_To do_.
Word for word, repeat the data; no picture should appear in the result.

_Information supplied_.
╭──
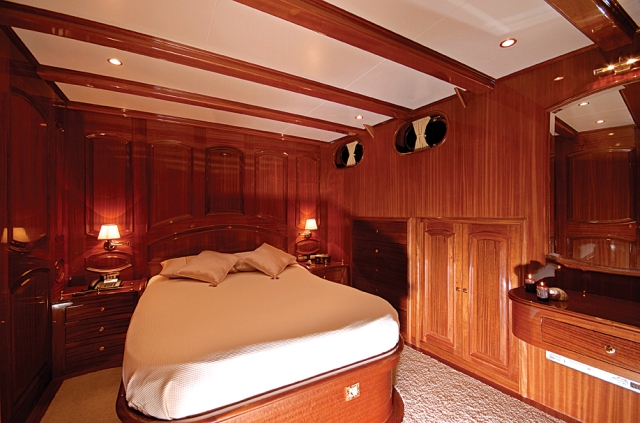 Yacht BLUE EYES -  Double Cabin 3.jpg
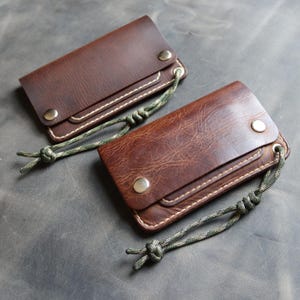 Carteira EDC com cordão de paracord / Design de carteira vintage / Cordão de paracord camuflado / Patina Love / Carteira EDC fina / Estilo minimalista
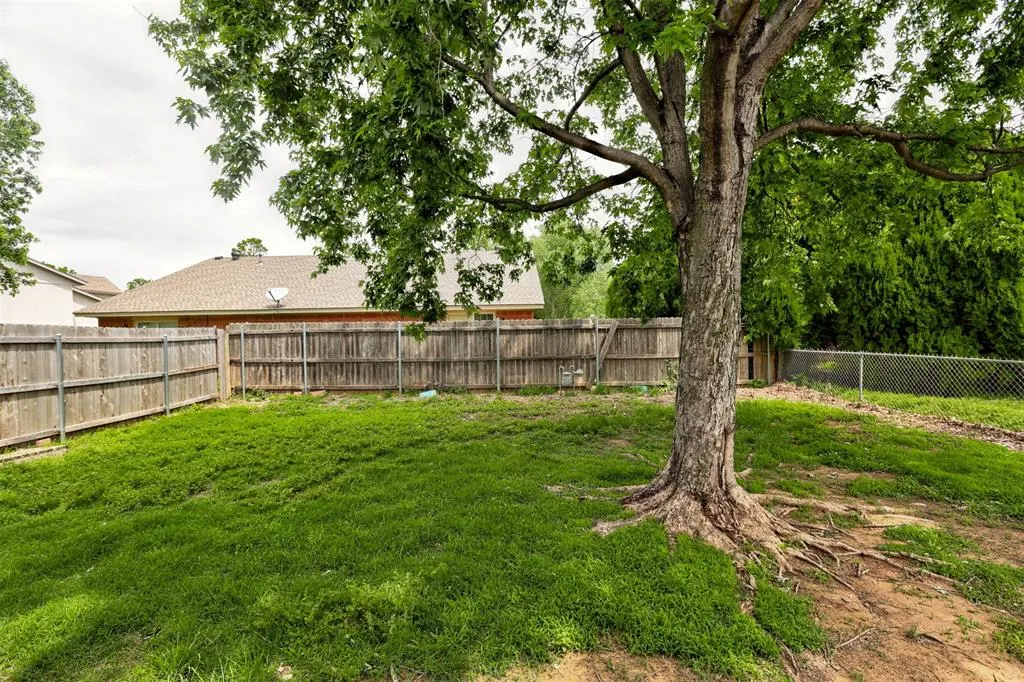 Photo 49 — 3815 Belhaven Circle 3817, Norman, OK 73072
╰──
_Result for this task_.
 Yacht BLUE EYES -  Double Cabin 3.jpg
 Carteira EDC com cordão de paracord / Design de carteira vintage / Cordão de paracord camuflado / Patina Love / Carteira EDC fina / Estilo minimalista
 Photo 49 — 3815 Belhaven Circle 3817, Norman, OK 73072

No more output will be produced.